MP Nicolas Fattoush has submitted a proposal on a two-year extension of parliament's mandate without coordinating with any side, the caretaker minister said Sunday, a day before an expected deal on running in the elections under the 1960 law.
“I made my proposal without coordinating with any party,” Fattoush told Voice of Lebanon radio (93.3) without confirming a report in An Nahar daily if his proposal was aimed at making a two-year extension.
“It is our constitutional duty to avoid vacuum …. The extension of parliament's mandate is aimed at thwarting the ghost of vacuum,” he said.
President Michel Suleiman has rejected a long extension of the legislature's four-year mandate, which expires on June 20.
Baabda palace sources told An Nahar that Suleiman would only accept a short extension to either prepare for the June elections based on the 1960 law or allow the implementation of a new law that the rival parties have failed to agree on.

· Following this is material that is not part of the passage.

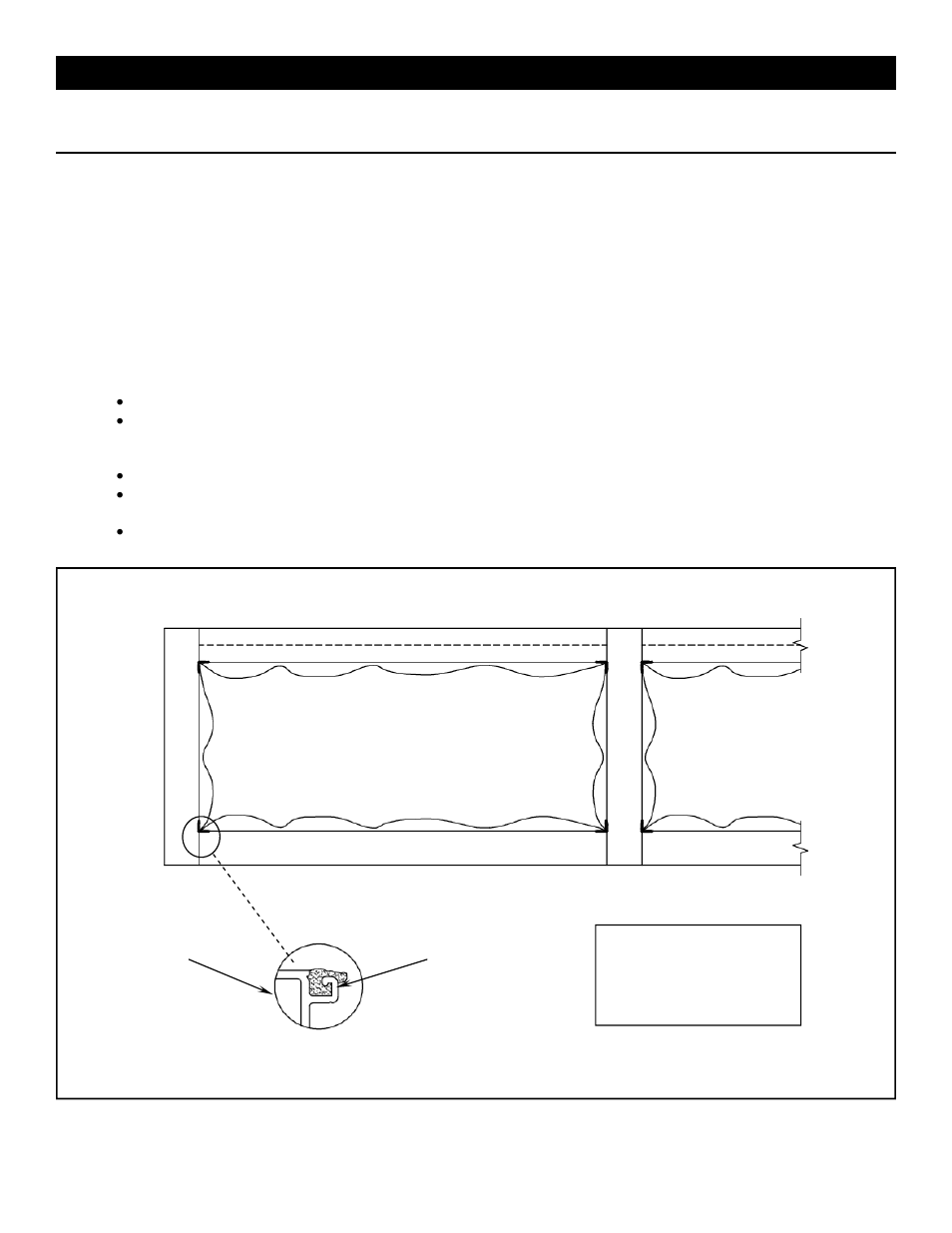 Series 403x storefront installation instructions | EFCO 403X Series User Manual | Page 26 / 29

The sources warned that the president would challenge any law that goes against his convictions.
Fattoush said that Suleiman would either approve the extension law and issue a decree or return it to parliament, which should vote on it with absolute majority so that it becomes implementable within a month.
Speaker Nabih Berri, who had been chairing meetings of a parliamentary subcommittee tasked with agreeing on a new electoral law, gave the MPs until Monday to bring their responses on the timeframe of the extension of parliament's mandate.
Berri's move on Saturday came after the subcommittee's rival lawmakers failed to agree on a new law.
The subcommittee will hold its last meeting at noon Monday to hear their proposals on the extension of the legislature's mandate. If there is lack of agreement on that as well, then the elections would take place based on the 1960 law which was used in the 2009 elections.